Les annonces d'Emmanuel Macron le 12 juillet au soir ont naturellement donné lieu à un flot de réactions et questionnements. Plusieurs membres du gouvernement ont apporté des précisions ce mardi 13 juillet, à commencer par Garbiel Attal à l'issue du conseil des ministres. Que ce soit sur la vaccination obligatoire de certains personnels - la mesure s'imposerait à environ quatre millions de personnes, dont 1,5 million ne sont pas encore vaccinées, selon le gouvernement - ou sur la présentation d'un pass sanitaire pour accéder à un grand nombre de lieux publics. Mais il faudra attendre le 19 juillet avec la présentation en conseil des ministres du projet de loi dédié à ces mesures pour en savoir plus. La discussion de ce texte au Parlement aura lieu dans la foulée.

L'assaut - Les sites de rendez-vous de vaccination ont été pris d'assaut après les annonces d'Emmanuel Macron imposant le pass sanitaire à l'entrée de la plupart des lieux publics et rendant obligatoire la vaccination des soignants et de ceux au contact des personnes fragiles. L'effet a été immédiat. "Près de 1,3 million de rendez-vous" ont été pris sur le site Doctolib entre l'allocution présidentielle et mardi à la mi-journée, selon le patron du site. Et "plus de 3,4 millions de recherches de rendez-vous ont été réalisées" lundi sur le moteur de recherche Vite Ma Dose, selon son concepteur, Guillaume Rozier.

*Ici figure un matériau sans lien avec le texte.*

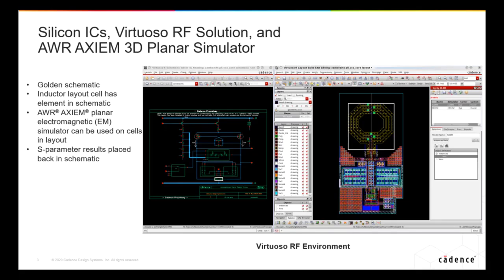For chip-level integration, Axiom is integrated into Virtuoso — specifically the variant called Virtuoso RF Solution. Virtuoso is a schematic and layout environment for silicon chip design, and they've added support for boards and packaging, including flip-chip simulations. They've also added a number of EM simulators, and Axiom is one of those. In addition to Axiom, there's a finite element simulator called Clarity. At Cadence we now have two EM simulators: Clarity and the Analyst product.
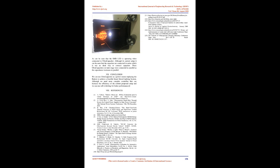Conclusion. We can use ultracapacitor as a power source replacing the battery to achieve a feasible smart street lighting system. Although we need more complex controller that can increase the efficiency of the current proposed setup and we can use soft switching for better performance.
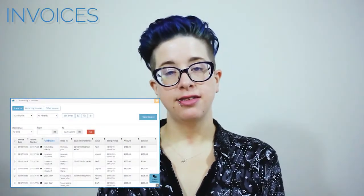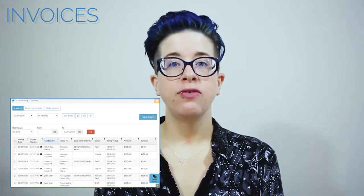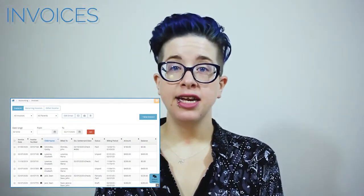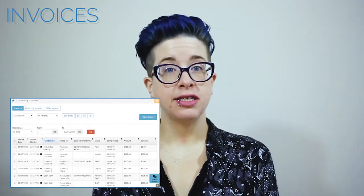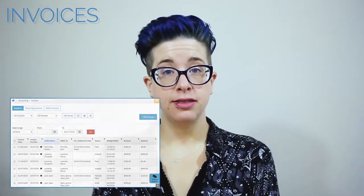Welcome to KidCare Accounting. Before you get started, let's take a look at the features you get with your subscription. Transition to paperless billing with invoices. You can create invoices online and email them directly to parents for payments.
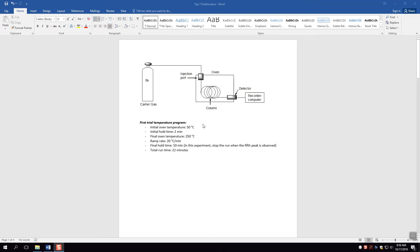In our example, we're going to put the initial oven temperature at 50 degrees C, hold it for two minutes, then ramp it at 20 degrees Celsius per minute up to 250 degrees C. Once it reaches 250, we hold for 10 minutes for a total runtime of 22 minutes. You are going to use four analytes and a solvent, so you'll see five peaks. You can stop it once all five peaks come out, even if it hasn't been the full 22 minutes.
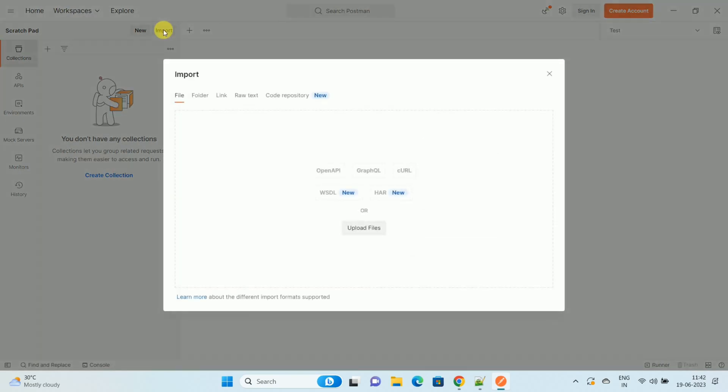Once you click on the Import option, here is the first option which is File, and here is the button called as Upload Files. So click on the Upload Files.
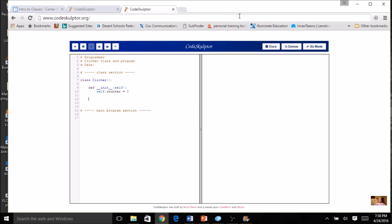Now let's look at the behaviors we want objects of this class to have. The first behavior is to increment — we already know how to increment, we're just doing it as a method this time. We're going to call it 'click', because the person's holding the clicker and every time they push the button, it increments. So 'def click' with the 'self' parameter, so if I had more than one clicker, I'd know which one to increment. I'm going to use 'self.counter += 1' — you have to type out the entire thing, you can't just say 'counter'.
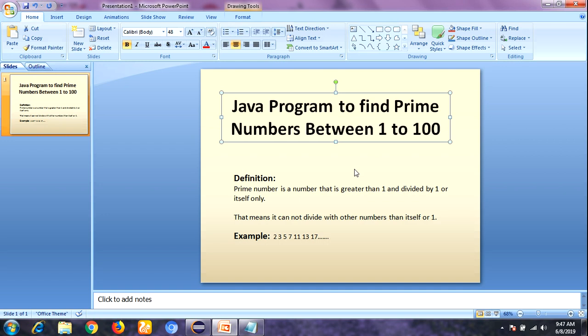So how to find prime numbers between 1 to 100? First let me define what a prime number is. A prime number is a number that is greater than 1 and divisible by 1 or itself only — that means it cannot be divided by any other numbers.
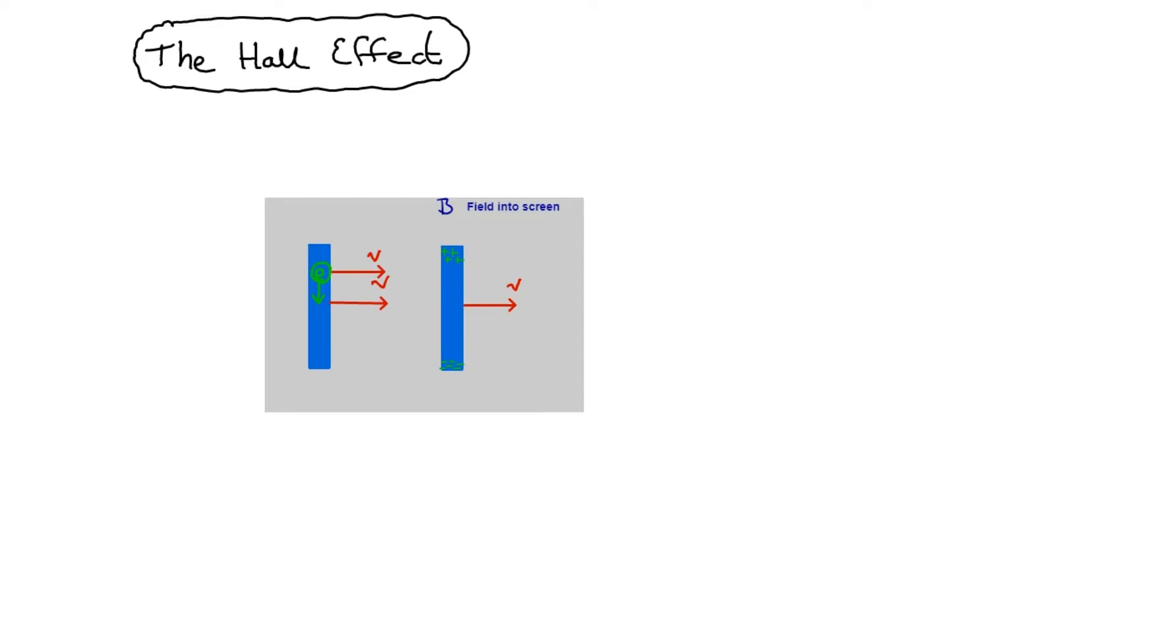We're going to end up with a potential difference across the bar. But it's going to stop building up because at some point the magnetic force on the electrons is going to be equaled by the repulsion they're feeling to be repelled back to their original position or attraction from the positive charge at the other end. We've actually set up a potential difference across the bar there.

Le principe… et le timing - L'extension du pass sanitaire aux activités du quotidien et la vaccination obligatoire des soignants subiront-elles la censure du Conseil constitutionnel ? Des spécialistes du droit interrogés mardi par l'AFP sont divisés. En tout cas, beaucoup considèrent le calendrier présenté par le chef de l'Etat comme "totalement irréaliste" : "C'est une stratégie de l'immédiat, dans trois semaines tout le monde doit être vacciné, ce n'est pas faisable !", juge par exemple Serge Slama, professeur de droit public. En tenant compte des difficultés attendues pour réserver un créneau de vaccination et des délais requis entre les deux injections, "comment fait-on concrètement pour les enfants qui partent en colo ou chez leurs grands-parents (...) ou pour tous les employés des bars et restaurants, des compagnies de transport, des centres commerciaux, des hôpitaux ? On demande à une caissière de faire un test PCR toutes les 72 heures ?", s'interroge-t-il. Celui-ci pointe en outre le risque d'une "rupture d'égalité" et de mesures "disproportionnées". Et donc d'inconstitutionnalité. "Il y a une disproportion entre les contraintes qui vont nous être imposées à toutes et tous et notre droit d'aller et venir et notre droit d'entreprendre", renchérit Paul Cassia, autre professeur de droit public. Pour le constitutionnaliste Dominique Rousseau, la question de l'applicabilité des mesures est une chose, celle du droit en est une autre. Et "si on regarde la jurisprudence du Conseil constitutionnel, il n'y a pas d'obstacle à rendre obligatoire la vaccination" ou l'extension du pass sanitaire pour se rendre dans certains lieux, soutient-il. "Le principe même d'une obligation vaccinale a été validé par le Conseil d'Etat et le Conseil constitutionnel, et la Cour européenne des droits de l'Homme a statué dernièrement sur la vaccination des enfants. (...) Cette jurisprudence offre un parapluie protecteur", note également Patrice Spinosi, avocat spécialiste des libertés publiques.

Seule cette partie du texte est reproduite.